Quand l’histoire refuse d’être effacée (Tribune)

Par Stéphane Kool

En cherchant à verrouiller la compétition électorale, le pouvoir en place s’expose à un danger politique majeur : transformer une élection en une crise démocratique profonde. Depuis plus de soixante ans, Laurent Gbagbo n’est pas seulement un acteur de la vie politique ; il est une figure cardinale de la conscience collective ivoirienne. Intellectuel charismatique, homme d’État combatif, opposant de toujours, il a bâti sa légitimité au prix de luttes acharnées, d’exils forcés, de prisons et même d’un procès international. Son nom est indissociable de l’histoire contemporaine de la Côte d’Ivoire, et son parcours fait de lui une figure générationnelle, un repère national.

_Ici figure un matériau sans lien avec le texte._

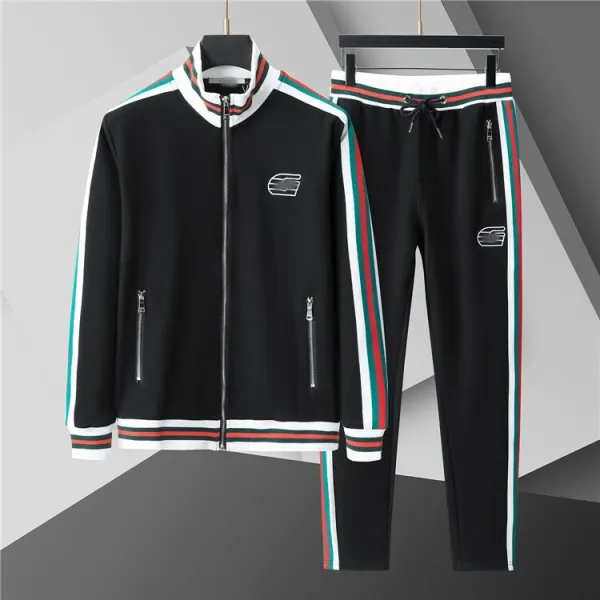 Design Track Suit Set Black with Red-Green-White Stripes Tracksuit - 1
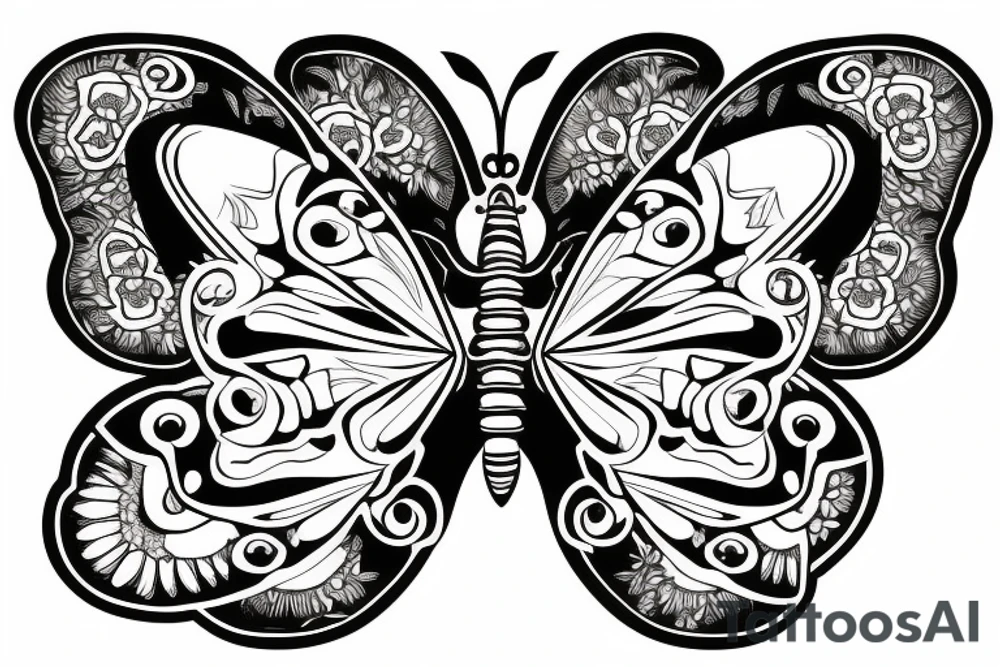 a Butterfly made of bones and skulls tattoo idea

L’exclusion dont il est aujourd’hui l’objet dépasse le simple cadre électoral. Elle est perçue comme une injustice, une atteinte flagrante à l’équité politique, et, plus grave encore, comme une confiscation du droit du peuple à choisir librement ses dirigeants. Ses partisans, mais aussi une frange significative de la société ivoirienne, n’y voient pas une défaite démocratique, mais une humiliation. Dans un pays marqué par des décennies de frustrations accumulées, l’injustice — qu’elle soit réelle ou ressentie — agit toujours comme un ferment de désordre et d’instabilité.

Le paradoxe est d’autant plus saisissant que, malgré son acquittement à la Cour pénale internationale, Laurent Gbagbo continue de subir un acharnement politique sans relâche. L’adversité qui l’a conduit jusqu’à La Haye ne s’est jamais arrêtée. Au lieu de se résoudre à l’affronter dans l’arène électorale, c’est par des décisions judiciaires, administratives ou politiques que l’on cherche encore à l’« embastiller », à l’écarter de la scène nationale. Cette persistance nourrit un sentiment d’injustice plus fort encore, car elle donne l’impression que l’on redoute moins l’homme que la légitimité populaire qu’il incarne.

Pourtant, Gbagbo n’est pas qu’un candidat : il est reconnu comme un « fils du pays », porteur d’un ancrage historique, culturel et régional qui transcende les clivages partisans. Même dans l’hypothèse d’une défaite, ses soutiens auraient accepté le verdict des urnes, car ils en respectent le principe. Ce qu’ils refusent avec vigueur, c’est que l’on confisque ce droit de concourir, que l’on empêche le peuple de se prononcer.

Ainsi, cette exclusion n’est pas perçue comme une simple formalité juridique, mais comme un affront à la mémoire nationale. Elle révèle une peur du suffrage universel, une volonté de verrouiller l’avenir en tentant d’effacer une partie du passé. Mais l’histoire, elle, ne s’efface pas. Elle revient toujours, et parfois avec plus de force qu’on ne l’imagine.